### EXERCISE GOAL
For this exercise, write out only the lines of the entries below from the one with "武汉半岛花园酒店_cninr" up to and including the one with "10731 NW 18th Court Coral Springs FL 33071", exactly as they are. Pictures stay out.

### DATA SECTION
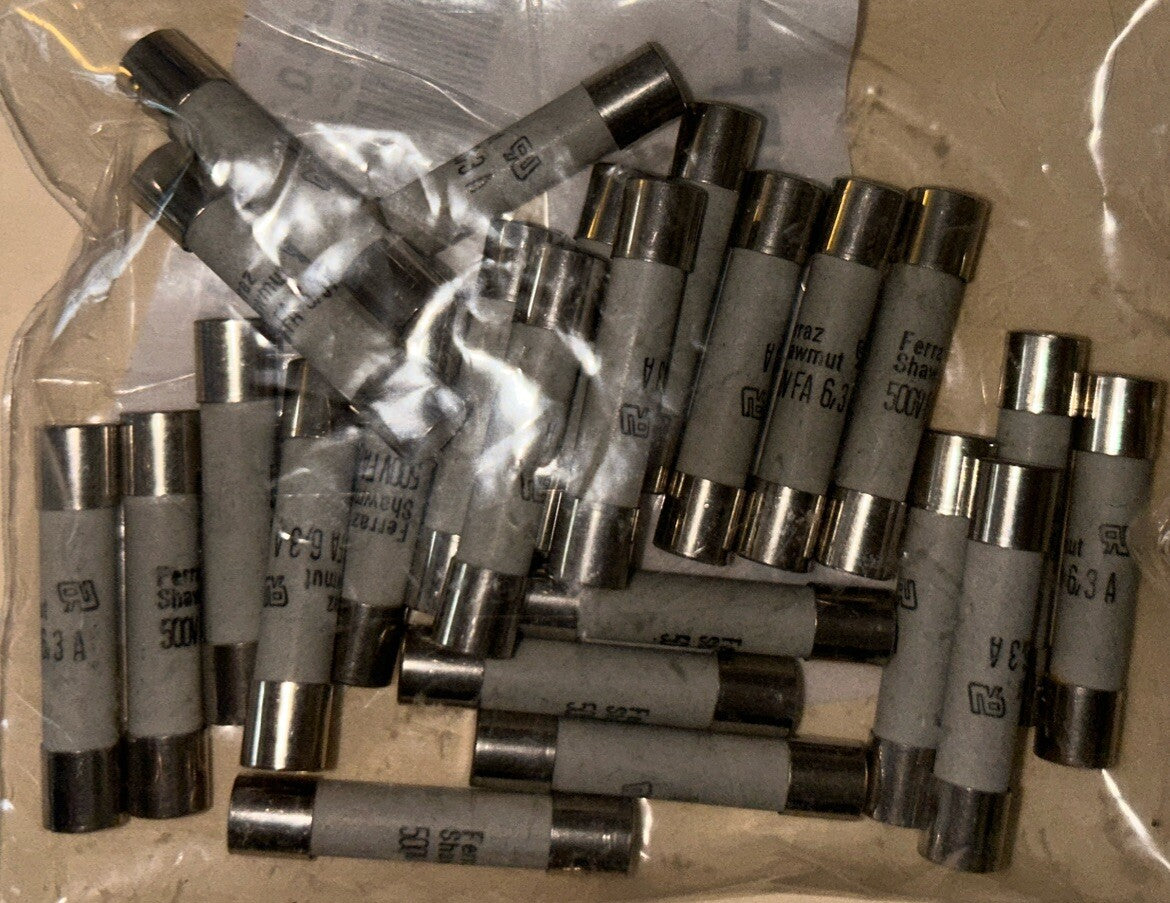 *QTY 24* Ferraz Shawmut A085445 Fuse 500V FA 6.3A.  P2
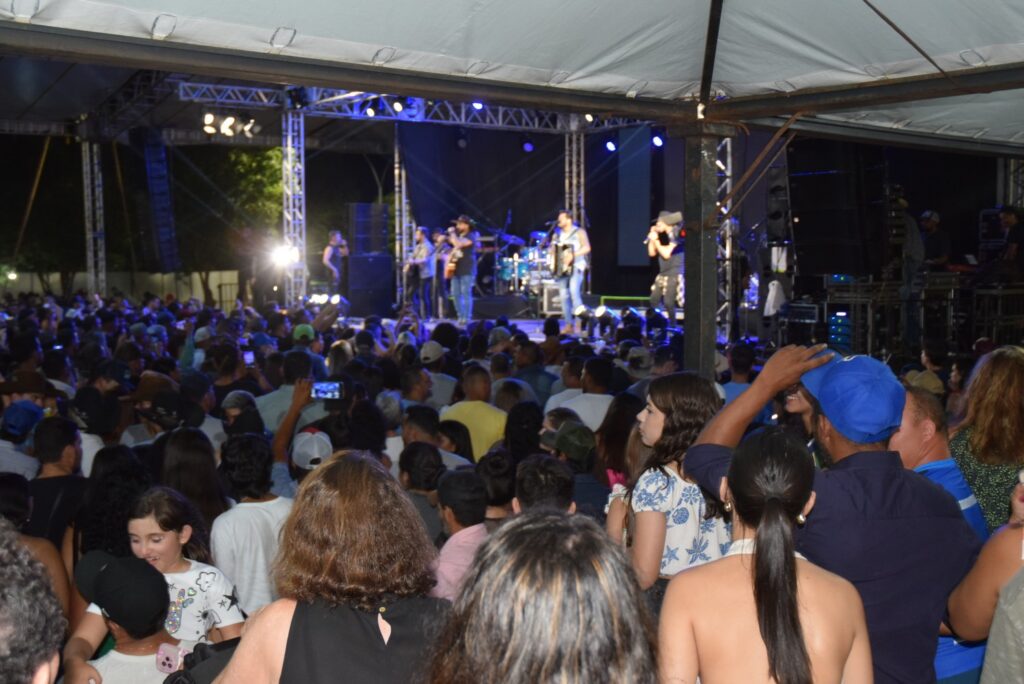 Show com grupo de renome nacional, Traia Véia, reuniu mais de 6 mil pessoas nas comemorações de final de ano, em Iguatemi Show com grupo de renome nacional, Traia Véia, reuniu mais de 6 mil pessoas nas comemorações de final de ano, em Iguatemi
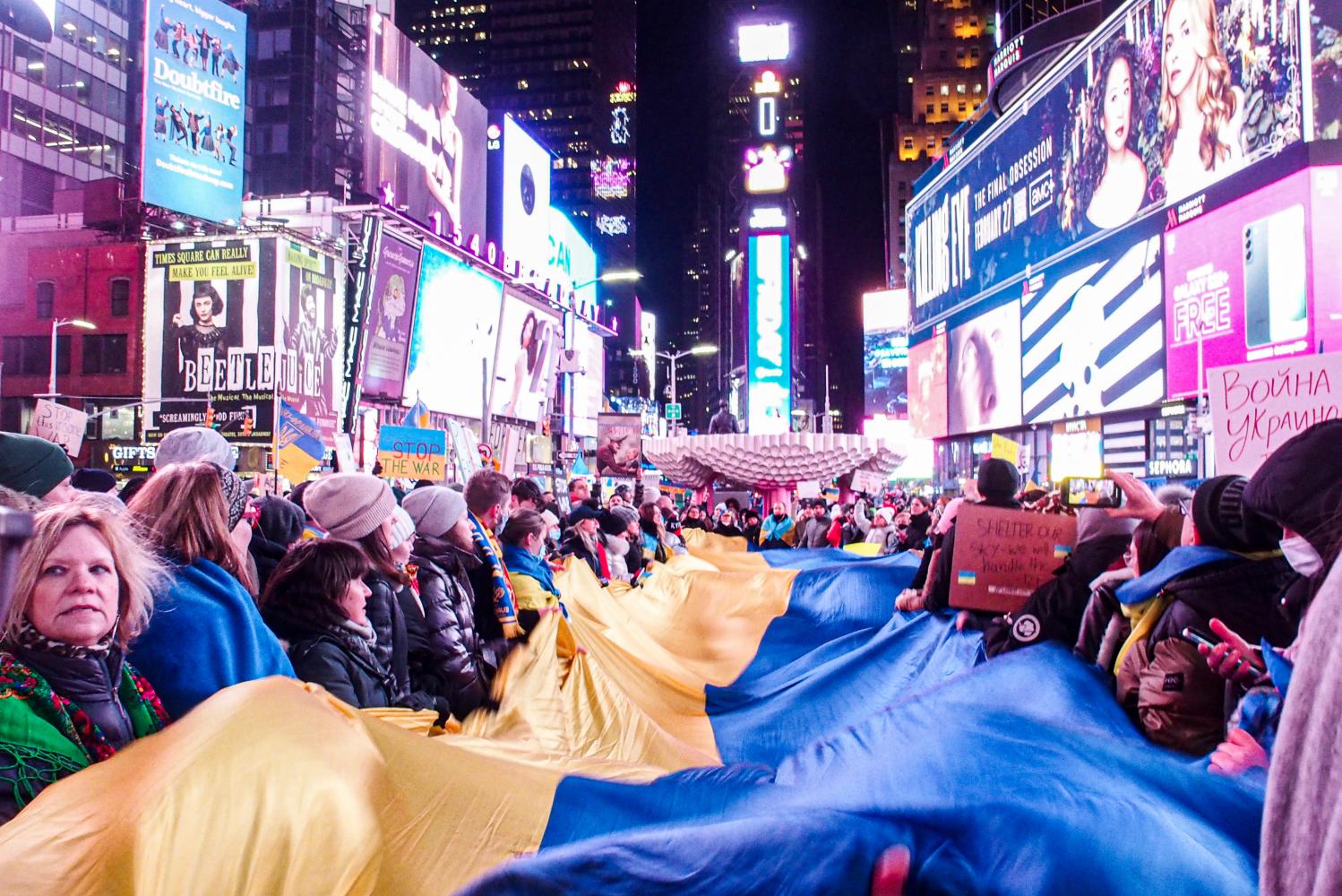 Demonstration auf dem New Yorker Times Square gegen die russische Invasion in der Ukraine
--
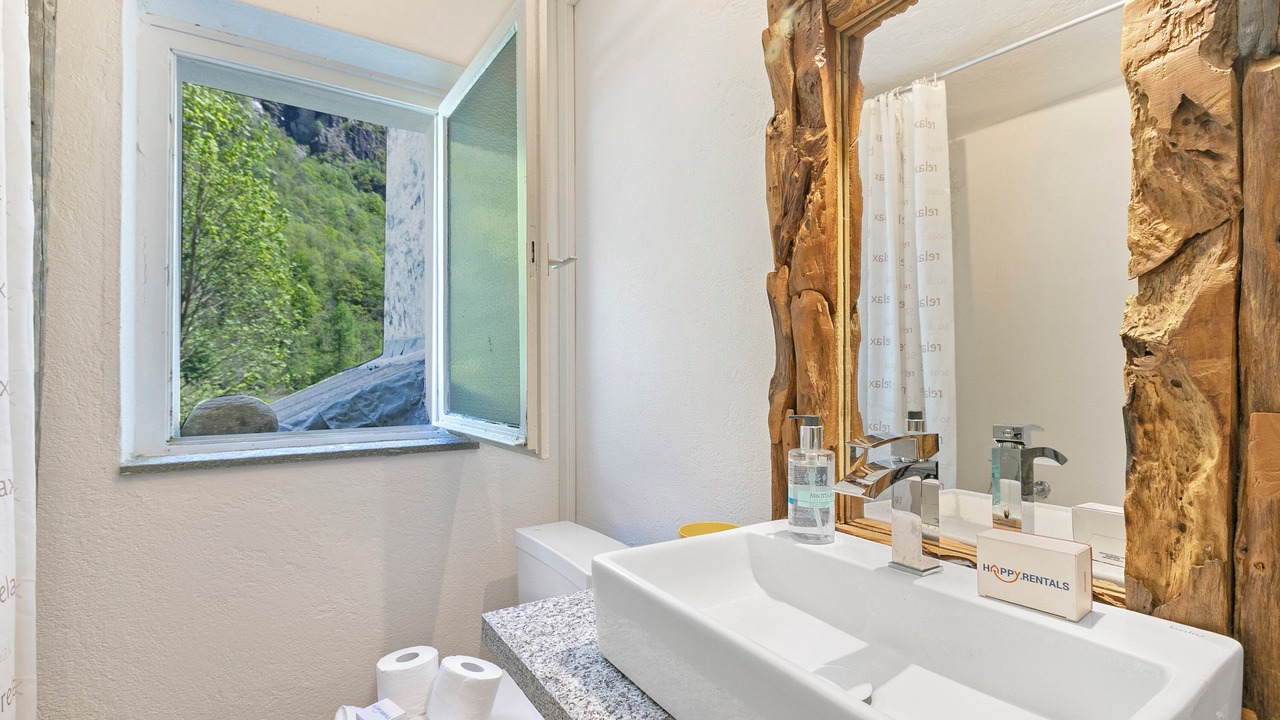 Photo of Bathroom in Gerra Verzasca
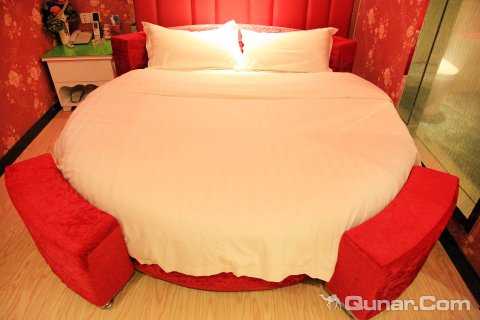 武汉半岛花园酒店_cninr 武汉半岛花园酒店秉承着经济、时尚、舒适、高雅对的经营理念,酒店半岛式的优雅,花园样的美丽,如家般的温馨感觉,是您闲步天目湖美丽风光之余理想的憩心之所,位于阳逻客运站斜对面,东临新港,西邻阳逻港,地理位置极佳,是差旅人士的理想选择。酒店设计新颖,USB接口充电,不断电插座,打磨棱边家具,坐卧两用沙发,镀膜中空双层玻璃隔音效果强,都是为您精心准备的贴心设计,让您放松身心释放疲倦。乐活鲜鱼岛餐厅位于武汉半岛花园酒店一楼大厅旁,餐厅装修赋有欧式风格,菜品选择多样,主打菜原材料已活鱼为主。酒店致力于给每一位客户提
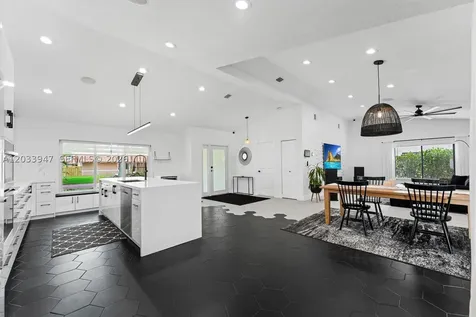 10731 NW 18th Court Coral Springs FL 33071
...
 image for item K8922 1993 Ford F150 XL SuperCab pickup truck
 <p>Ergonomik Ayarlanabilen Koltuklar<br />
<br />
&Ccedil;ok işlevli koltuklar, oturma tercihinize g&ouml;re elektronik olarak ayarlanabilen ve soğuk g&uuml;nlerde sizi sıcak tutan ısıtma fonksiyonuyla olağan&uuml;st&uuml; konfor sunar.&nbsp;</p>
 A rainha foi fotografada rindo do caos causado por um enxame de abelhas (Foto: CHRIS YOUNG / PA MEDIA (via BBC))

### TASK RESPONSE
 武汉半岛花园酒店_cninr 武汉半岛花园酒店秉承着经济、时尚、舒适、高雅对的经营理念,酒店半岛式的优雅,花园样的美丽,如家般的温馨感觉,是您闲步天目湖美丽风光之余理想的憩心之所,位于阳逻客运站斜对面,东临新港,西邻阳逻港,地理位置极佳,是差旅人士的理想选择。酒店设计新颖,USB接口充电,不断电插座,打磨棱边家具,坐卧两用沙发,镀膜中空双层玻璃隔音效果强,都是为您精心准备的贴心设计,让您放松身心释放疲倦。乐活鲜鱼岛餐厅位于武汉半岛花园酒店一楼大厅旁,餐厅装修赋有欧式风格,菜品选择多样,主打菜原材料已活鱼为主。酒店致力于给每一位客户提
 10731 NW 18th Court Coral Springs FL 33071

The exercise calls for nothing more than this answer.